#### What this task involves
Begin at the line that has "Reserved Seating at Tulsa wedding", stop after the line that has "Sailing Big Pattern Color on White", and print exactly those lines from the records below, without any pictures.

#### Material for the task
——
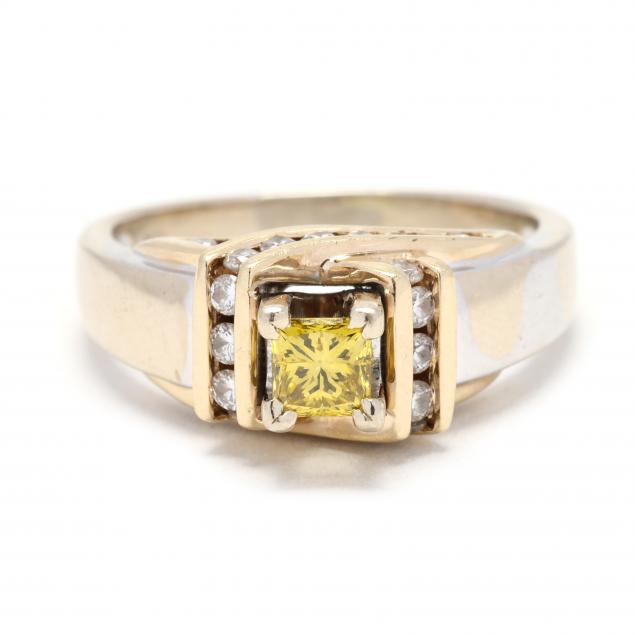 bi-color-gold-and-yellow-diamond-ring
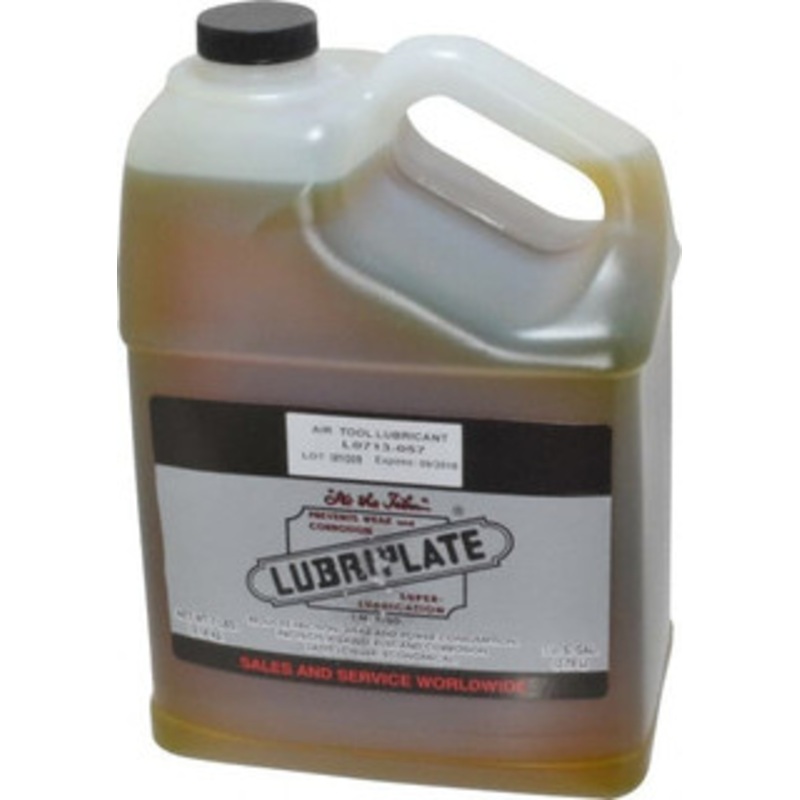 Lubriplate 1 Gal Bottle, ISO 32, Air Tool Oil 147 Viscosity (SUS) at 100F, 44 Viscosity (SUS) at 210F L0713-057 – 00424945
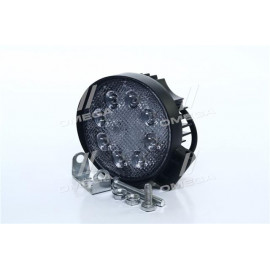 Фара LED кругла 24W, 8 ламп, 110 * 128мм, широкий промінь <ДК>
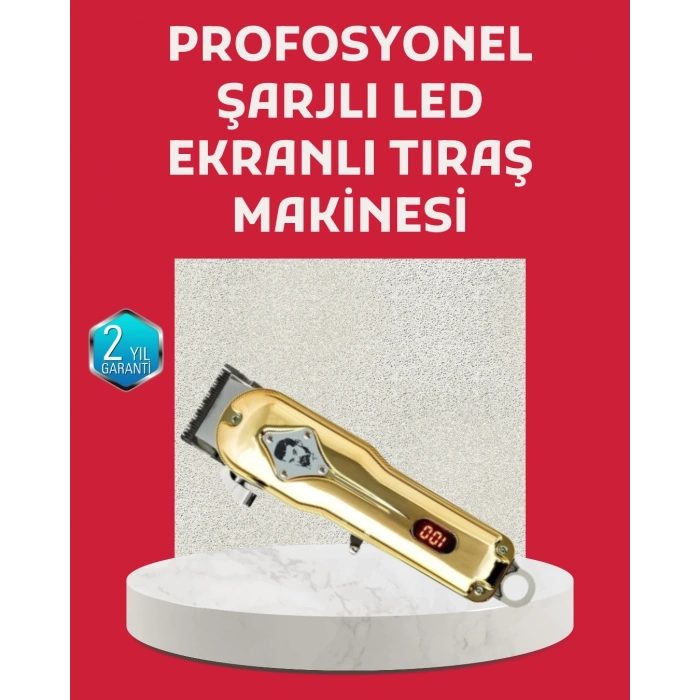 Mey İthalat® 1800 mAh Bataryalı Uzun Kullanım Süreli Şarjlı Tıraş Makinesi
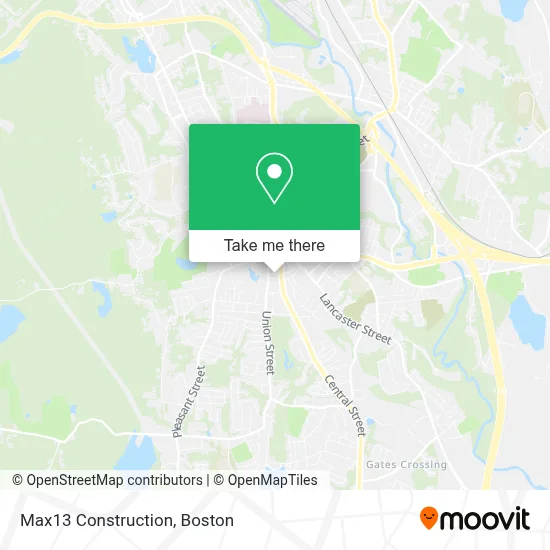 Max13 Construction map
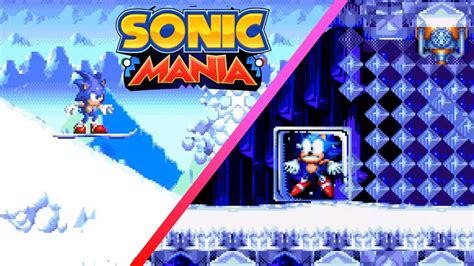 Ice Cap Zone In Sonic Mania Youtube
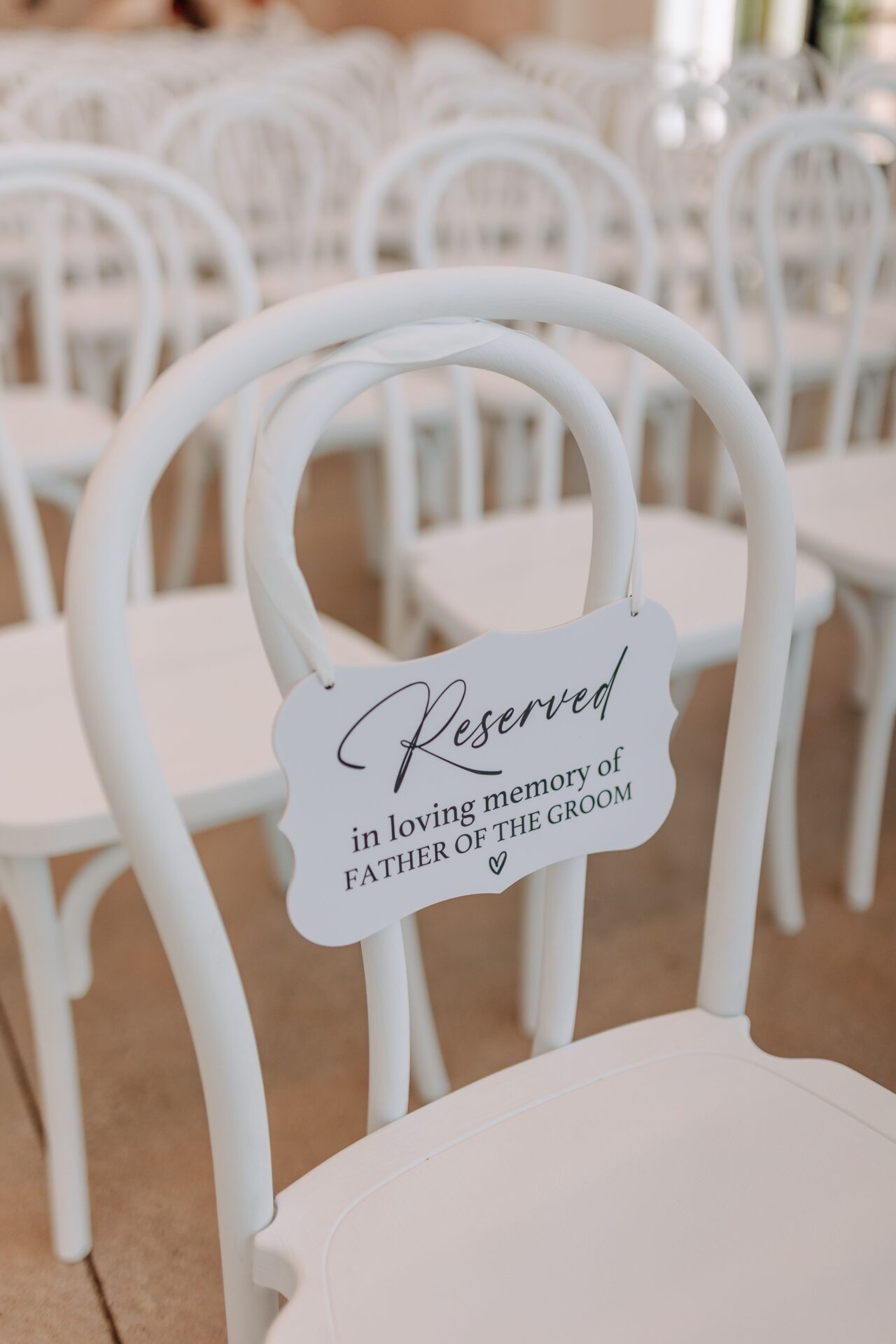 Reserved Seating at Tulsa wedding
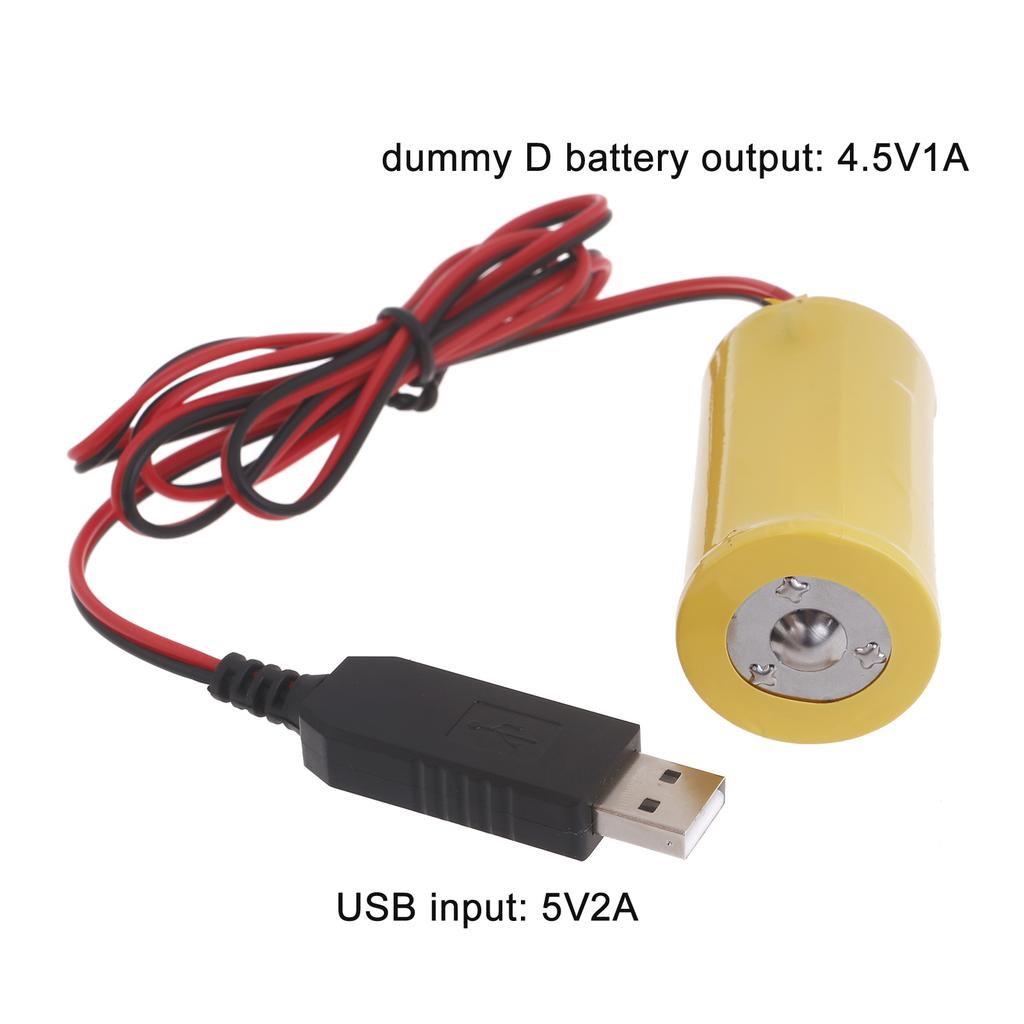 USB-адаптер-элиминатор для батарей LR20 (тип D) 4,5 В, удлинитель шнура питания, продлевает срок службы для гаджетов-часов, многоразовый и простой в использовании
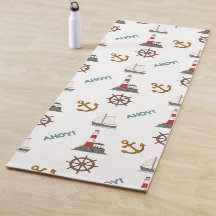 Sailing Big Pattern Color on White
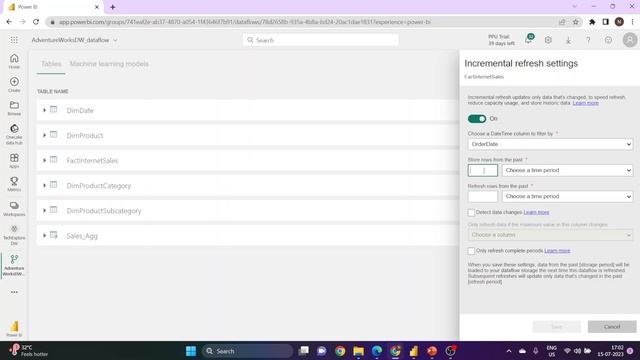 9. How to set up Incremental Refresh over Dataflow in Power BI смотреть онлайн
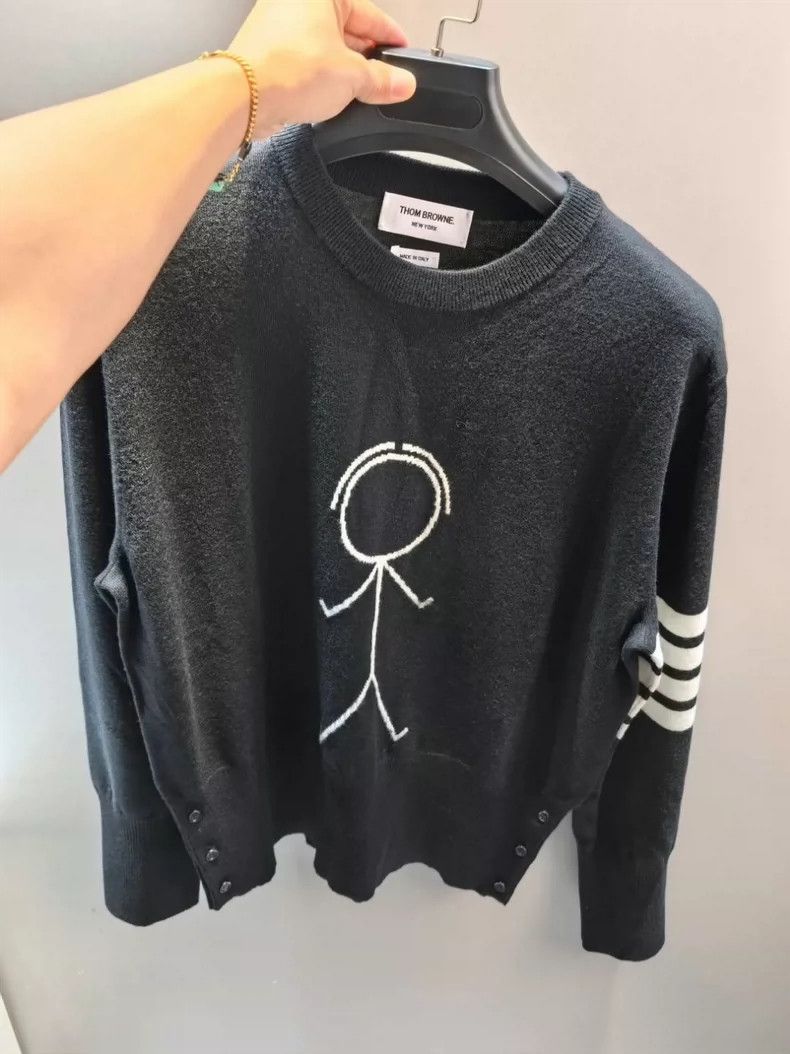 Thom Browne Thom Browne Four stripe matches sweater Size US XL / EU 56 / 4 - 1 Thumbnail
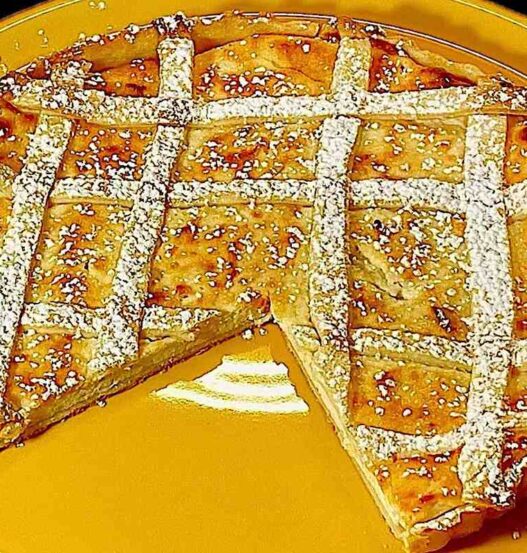 crostata ricotta e pere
——
#### Result
 Reserved Seating at Tulsa wedding
 USB-адаптер-элиминатор для батарей LR20 (тип D) 4,5 В, удлинитель шнура питания, продлевает срок службы для гаджетов-часов, многоразовый и простой в использовании
 Sailing Big Pattern Color on White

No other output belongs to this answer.